According to St. Louis Tribune, the bill, which was passed by Utah’s legislature earlier this year, would tax the NSA’s Bluffdale data center for the millions of dollars of energy it is expected to consume – an act that would severely cripple the agency’s new upscale location.

Although the NSA is protesting the possible tax, a Utah attorney has stepped forward and said he informed the agency about HB325 but did not hear anything back until an official emailed Gov. Gary Herbert several weeks after Herbert had already signed the measure.

"We are quite concerned about this," wrote Harvey Davis, NSA director of installations and logistics, in the April 26 email. “The long and short of it is: Long-term stability in the utility rates was a major factor in Utah being selected as our site for our $1.5 billion construction at Camp Williams. HB325 runs counter to what we expected.”

The measure, which Herbert signed into effect April 1, benefits the Utah Military Installation Development Authority. It allows the entity, which was set up to put select military properties on the public tax bill, to collect a tax of up to 6 percent on Rocky Mountain Power electricity used by the Utah Data Center.

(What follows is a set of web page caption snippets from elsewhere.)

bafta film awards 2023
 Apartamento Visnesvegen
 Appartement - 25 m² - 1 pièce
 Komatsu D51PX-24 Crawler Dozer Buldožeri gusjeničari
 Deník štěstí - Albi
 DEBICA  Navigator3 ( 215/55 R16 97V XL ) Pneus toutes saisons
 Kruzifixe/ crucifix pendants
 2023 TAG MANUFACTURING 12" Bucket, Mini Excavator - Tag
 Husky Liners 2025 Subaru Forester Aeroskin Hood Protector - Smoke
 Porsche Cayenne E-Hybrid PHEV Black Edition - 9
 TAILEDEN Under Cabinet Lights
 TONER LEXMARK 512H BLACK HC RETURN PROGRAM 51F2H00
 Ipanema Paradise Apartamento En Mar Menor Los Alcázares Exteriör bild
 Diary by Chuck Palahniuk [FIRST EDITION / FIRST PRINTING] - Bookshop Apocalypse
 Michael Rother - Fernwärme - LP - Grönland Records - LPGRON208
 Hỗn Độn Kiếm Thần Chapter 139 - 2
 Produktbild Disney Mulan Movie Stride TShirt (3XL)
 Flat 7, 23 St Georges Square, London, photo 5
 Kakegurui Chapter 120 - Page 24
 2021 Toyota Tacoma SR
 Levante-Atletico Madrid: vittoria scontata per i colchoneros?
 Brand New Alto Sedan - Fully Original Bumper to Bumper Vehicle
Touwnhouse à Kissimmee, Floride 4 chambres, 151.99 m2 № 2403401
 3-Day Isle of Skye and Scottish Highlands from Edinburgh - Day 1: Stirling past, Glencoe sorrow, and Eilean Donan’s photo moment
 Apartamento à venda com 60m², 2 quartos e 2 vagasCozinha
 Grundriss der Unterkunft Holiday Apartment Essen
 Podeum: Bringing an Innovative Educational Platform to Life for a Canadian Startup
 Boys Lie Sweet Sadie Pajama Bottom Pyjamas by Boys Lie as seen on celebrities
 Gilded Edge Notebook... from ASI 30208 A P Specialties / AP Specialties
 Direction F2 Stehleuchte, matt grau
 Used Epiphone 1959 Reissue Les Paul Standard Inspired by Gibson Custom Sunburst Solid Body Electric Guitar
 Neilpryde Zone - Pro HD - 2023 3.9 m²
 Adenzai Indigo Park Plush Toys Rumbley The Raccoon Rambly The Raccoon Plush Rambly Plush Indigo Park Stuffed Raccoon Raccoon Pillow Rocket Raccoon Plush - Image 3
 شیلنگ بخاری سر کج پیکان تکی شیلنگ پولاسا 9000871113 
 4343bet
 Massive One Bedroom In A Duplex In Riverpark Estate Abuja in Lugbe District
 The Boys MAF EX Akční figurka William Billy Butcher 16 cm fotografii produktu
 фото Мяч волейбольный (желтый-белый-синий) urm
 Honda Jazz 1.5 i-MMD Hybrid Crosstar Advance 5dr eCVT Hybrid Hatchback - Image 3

A 2012 Wired magazine article, citing former intelligence and NSA officials, said computers at the data center will collect electronic information — from emails to cell phone records to purchasing receipts — from all across the world, store it and look for threatening patterns. The article estimated the Utah Data Center would consume $40 million of electricity a year — a level of consumption at which the NSA would have to pay up to another $2.4 million annually to satisfy the tax HB325 could impose.